Attely
Attely

Reputation: 11

Python Crash Course 9-15 Exercise

I have a problem with my logic. I'm currently reading python crash course, one of the exercises asks to model a lottery ticket and to see how many tries it took. The problem is I can leave it for days without winning....

import random


a_list = ('33','18','27','5','4','12')

winner_ticket = ('33','18','27')
run = 0 
while True:
    run += 1
    if random.sample(a_list,3) == winner_ticket:
        print(f"Your ticket is a winner with the numbers d{winner_ticket}")
        break

    if run > 50000:
            break
    else:
        print(f"This is try number: {run}")

Upvotes: 0

Views: 1435

Answers (3)

Jesse Desjardins
Jesse Desjardins

Reputation: 77

Your problem is that random.sample() returns a list, but winner_ticket is a tuple. So either make winner ticket a list:

winner_ticket = ['33','18','27']

...or cast random.sample() to a tuple:

if tuple(random.sample(a_list,3)) == winner_ticket:

Upvotes: 0

Mark
Mark

Reputation: 92440

random.sample returns a list. You are comparing a tuple.

This is False:

('33', '5', '4') == ['33', '5', '4']

Try testing with a list instead.

winner_ticket = ['33','18','27']

Upvotes: 2

Sri
Sri

Reputation: 2328

This is clearly coursework so I'll provide some advice.

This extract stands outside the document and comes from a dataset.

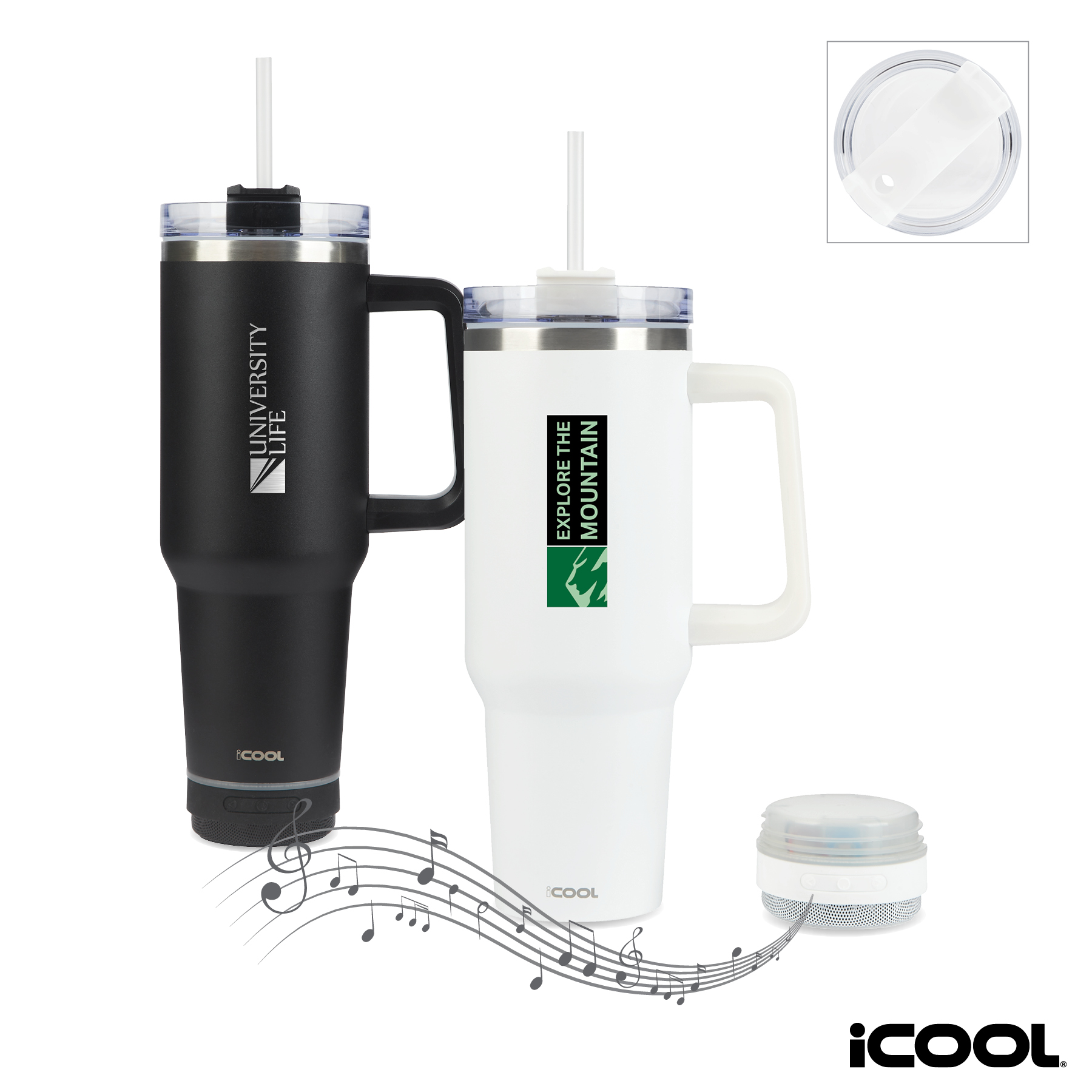 iCOOL® Borrego 40 oz. Double Wall, Stainless Steel Travel Mug with Speaker 13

Your winner_ticket is a tuple. random.sample() returns a list. You cannot directly compare the two as they are not equal. You will have to check if each element is within the winning tuple.

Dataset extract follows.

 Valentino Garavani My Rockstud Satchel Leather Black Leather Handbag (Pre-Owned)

Furthermore, you should note that the lists [1, 2, 3] does not equal the list [1, 3, 2]. random.sample() can return the list elements in any order. One way you can try to get past this is to sort the winner_ticket (after changing it to a list as a tuple is immutable) and sorting the random.sample()

If you follow the sorting method, then you can compare the two lists winner_ticket and random.sample() and get a valid result.